◆ **About this exercise**
Would you transcribe the listing that follows, character for character, and omit its images?

◆ **Dataset records**
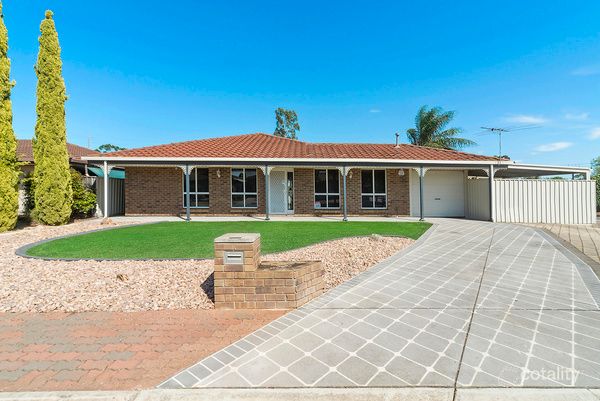 15 Cherrytree Cres, Blakeview, SA 5114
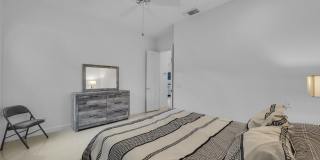 615 SW St Thomas Cove Gallery 21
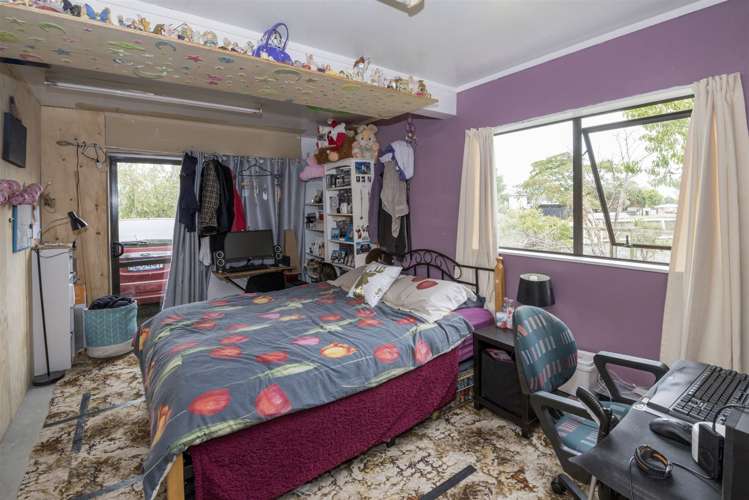 7 President Avenue Papakura_11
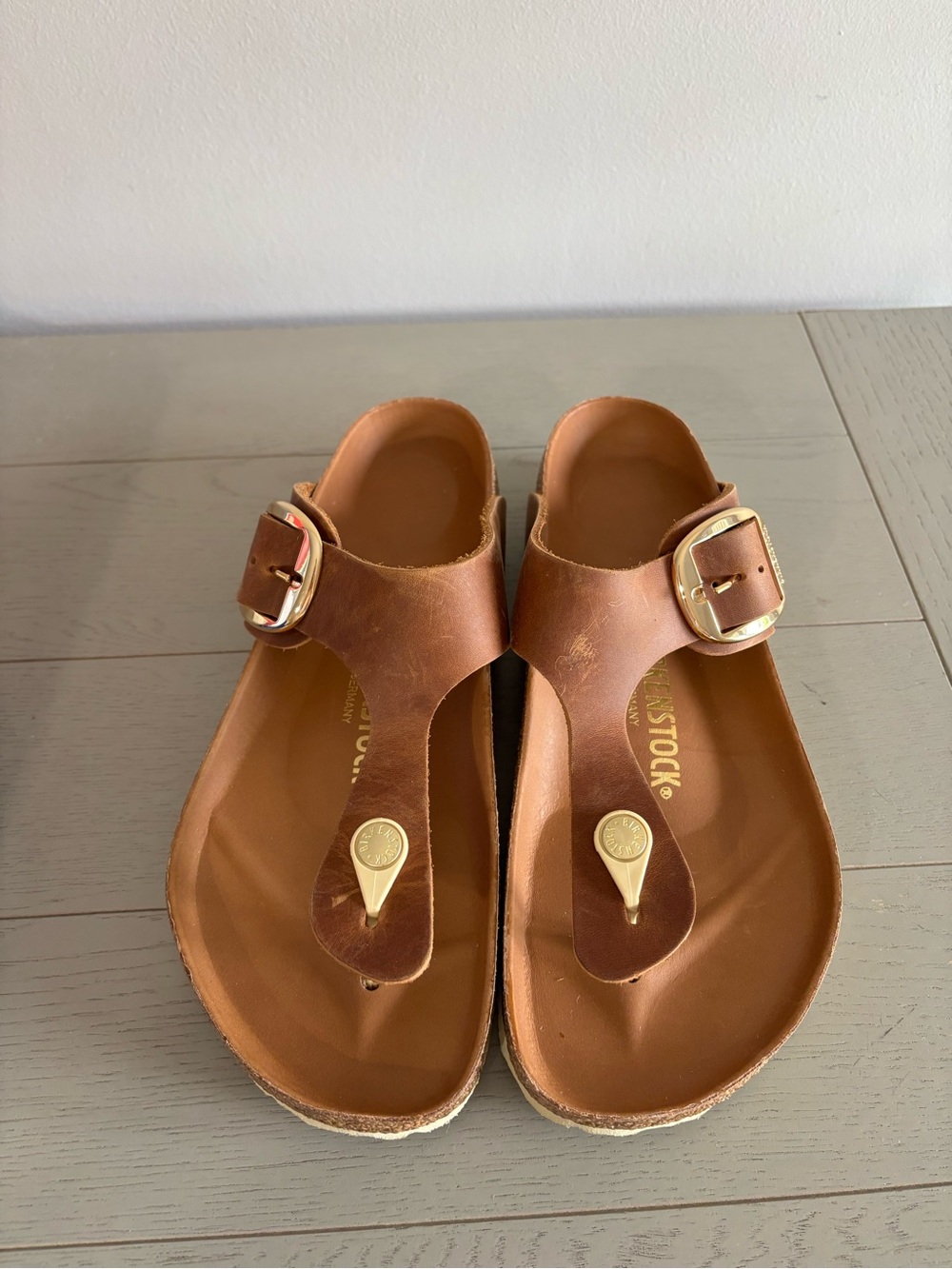 Birkenstock Women’s Gizeh Big Buckle in Cognac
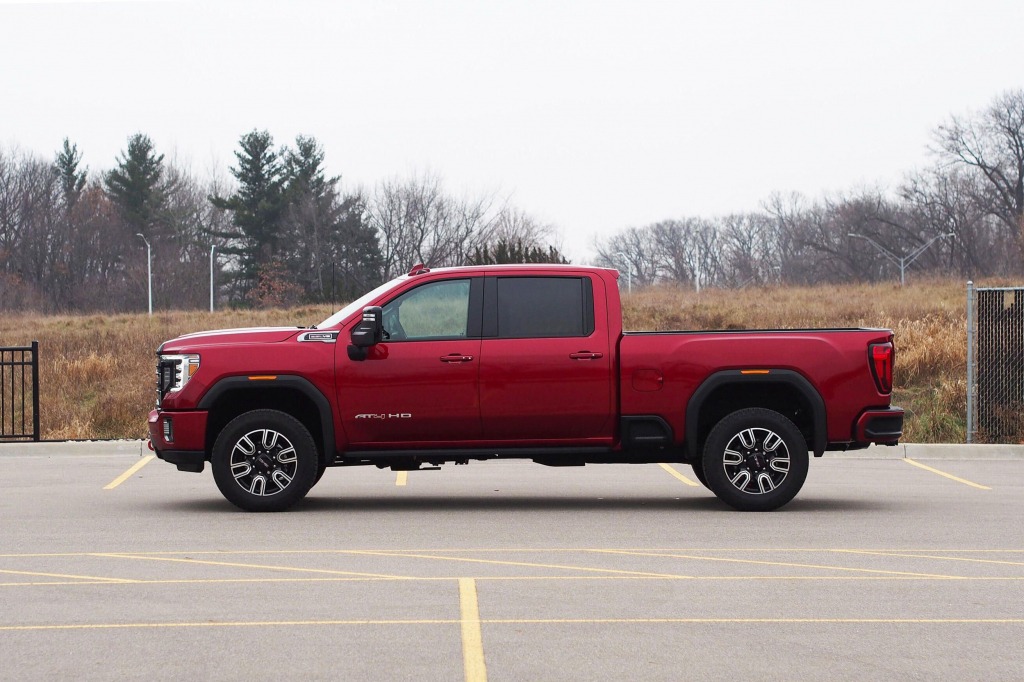 2022 GMC Sierra 2500HD Spy Shots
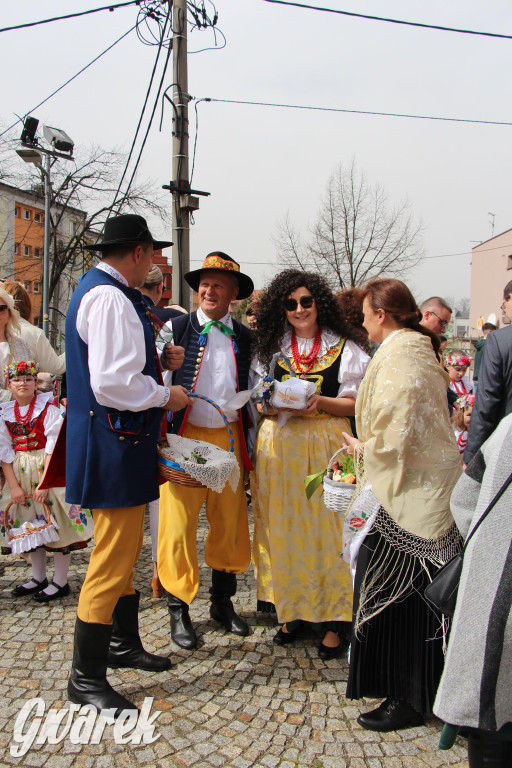 Tak to robi Radzionków. Święcenie pokarmów w śląskich strojach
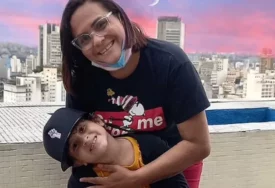 (FOTO) Mama i kćerka poslije tranzicije postale TATA I SIN: Djevojčica sa 4 godine odlučila da bude muško, isto uradila i majka, a kada su otkrile detalje priče svijet je ostao frapiran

◆ **Task answer**
 15 Cherrytree Cres, Blakeview, SA 5114
 615 SW St Thomas Cove Gallery 21
 7 President Avenue Papakura_11
 Birkenstock Women’s Gizeh Big Buckle in Cognac
 2022 GMC Sierra 2500HD Spy Shots
 Tak to robi Radzionków. Święcenie pokarmów w śląskich strojach
 (FOTO) Mama i kćerka poslije tranzicije postale TATA I SIN: Djevojčica sa 4 godine odlučila da bude muško, isto uradila i majka, a kada su otkrile detalje priče svijet je ostao frapiran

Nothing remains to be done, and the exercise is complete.